## EXERCISE DESCRIPTION
This exercise calls for the data below to be retyped exactly, minus any images.

━━━ COLLECTED MATERIAL

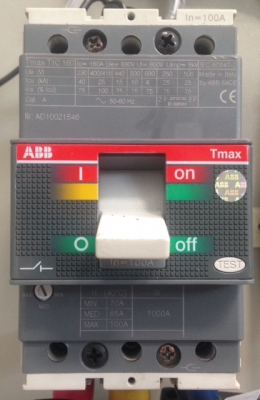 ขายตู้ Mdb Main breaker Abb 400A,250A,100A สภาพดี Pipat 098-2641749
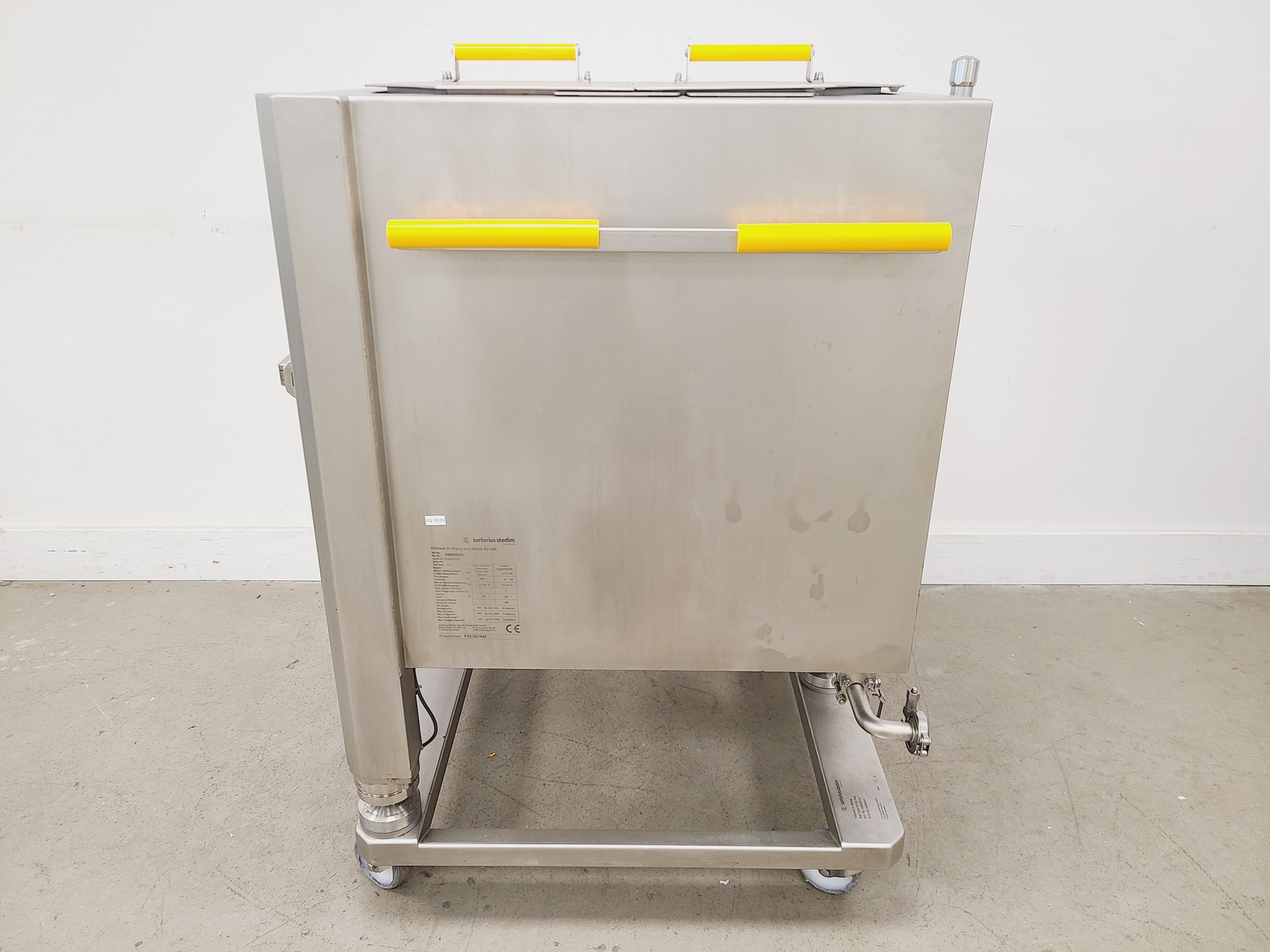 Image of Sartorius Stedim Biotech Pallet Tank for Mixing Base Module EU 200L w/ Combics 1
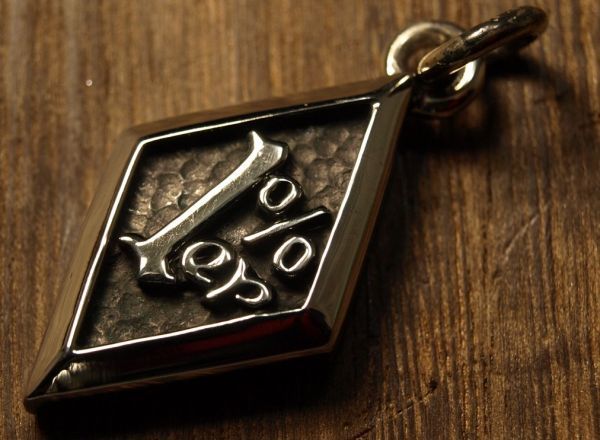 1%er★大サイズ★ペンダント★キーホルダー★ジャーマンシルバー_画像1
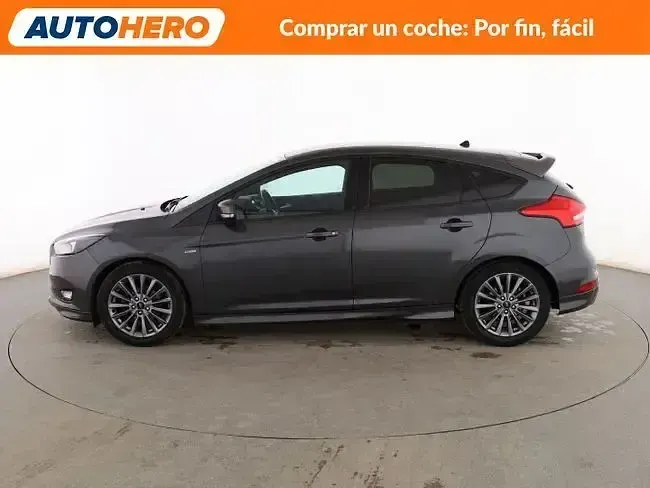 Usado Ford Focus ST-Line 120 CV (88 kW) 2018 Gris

━━━━━━

## PROBLEM SOLUTION
 ขายตู้ Mdb Main breaker Abb 400A,250A,100A สภาพดี Pipat 098-2641749
 Image of Sartorius Stedim Biotech Pallet Tank for Mixing Base Module EU 200L w/ Combics 1
 1%er★大サイズ★ペンダント★キーホルダー★ジャーマンシルバー_画像1
 Usado Ford Focus ST-Line 120 CV (88 kW) 2018 Gris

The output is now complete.